Mar 16, 2003 10:07
Just when you thought I was gone for good, I have come back to you with a new journal entry. Usually I like to wait until I am inspired and have something to say, but this time I would just like to express my toughts on a few issues that are on my mind. Drumroll please...the topics of your March 16th journal entry are: Girls(duh), Friends, Spring Break, and School.
Well for a while I have gotten to taking a liking to one girl. I know that usually I like 4 at a time, but this time I have only taken to one. She is like me in some ways, but totally the opposite in others. That is what I need, a girl that isn't exactly like me...last time it just got too annoying. Im sorry, but when you like a person who is just like you, their good traits start to become flaws. The only problem with this girl is that I don't think she can go out with me because of certain circumstances. Its tough to just let go, but at the same time I guess I just have to respect her decision.
My friends can never get any closer to me because they are like my brothers. Sometimes I don't know what goes through their heads, but I know that sometimes they don't know whats going through mine. They are always there to talk to and yes I am always there in return. On Friday, at Alfonsos, it was just a group of friends having fun and doing crazy stuff. Saturday wasn't all that fun, but I enjoyed seeing a movie with Ian, Fonz, and Chris, eating at Bobby's house, and then just sitting there with Bobby as he played the guitar and I freestyled lyrics. Then when I came home, some people came over and spent the night. Although it wasn't the greatest of weekends, its one that always stick with you the most.
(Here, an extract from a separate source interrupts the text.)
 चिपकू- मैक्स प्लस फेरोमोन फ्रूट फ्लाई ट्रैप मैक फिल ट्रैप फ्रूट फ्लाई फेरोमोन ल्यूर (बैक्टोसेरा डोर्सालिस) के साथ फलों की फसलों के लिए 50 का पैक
What is it, 2 more weeks? Until what? UNTIL THE GREATEST WEEK OF MY LIFE. My senior year spring break with 10 of my good friends. The lineup is as follows: Me, Fonz, Tony, Matt, Ian, Chris T, Brice, Kevin, Brian, and Aaron. It is going to be so much fun. Non-stop parties and endless flirtations with random girls. I need a week like this to just relax because school, my next topic, is getting a little stressful. I think that Spring Break will do wonders for my life, my friendships, and give me memories to take along to college.
SCHOOL SUCKS ASS...and I'll tell you why. It has begun to be a burden on me. I have a very low grade in Calculus, I am loosing my A in anatomy, and I don't even know what to expect in Economics. On top of that, my English teacher thinks its okay to pound us in the ass with random projects and writing assignments. I wish my last days of my senior year could be a little less stressful because on top of that I have the stress of not knowing if I was accepted at the colleges of my choice. Maybe hope will help all my trivial problems. All the stress will be over soon, I just have to hold out until Spring Break and then Graduation.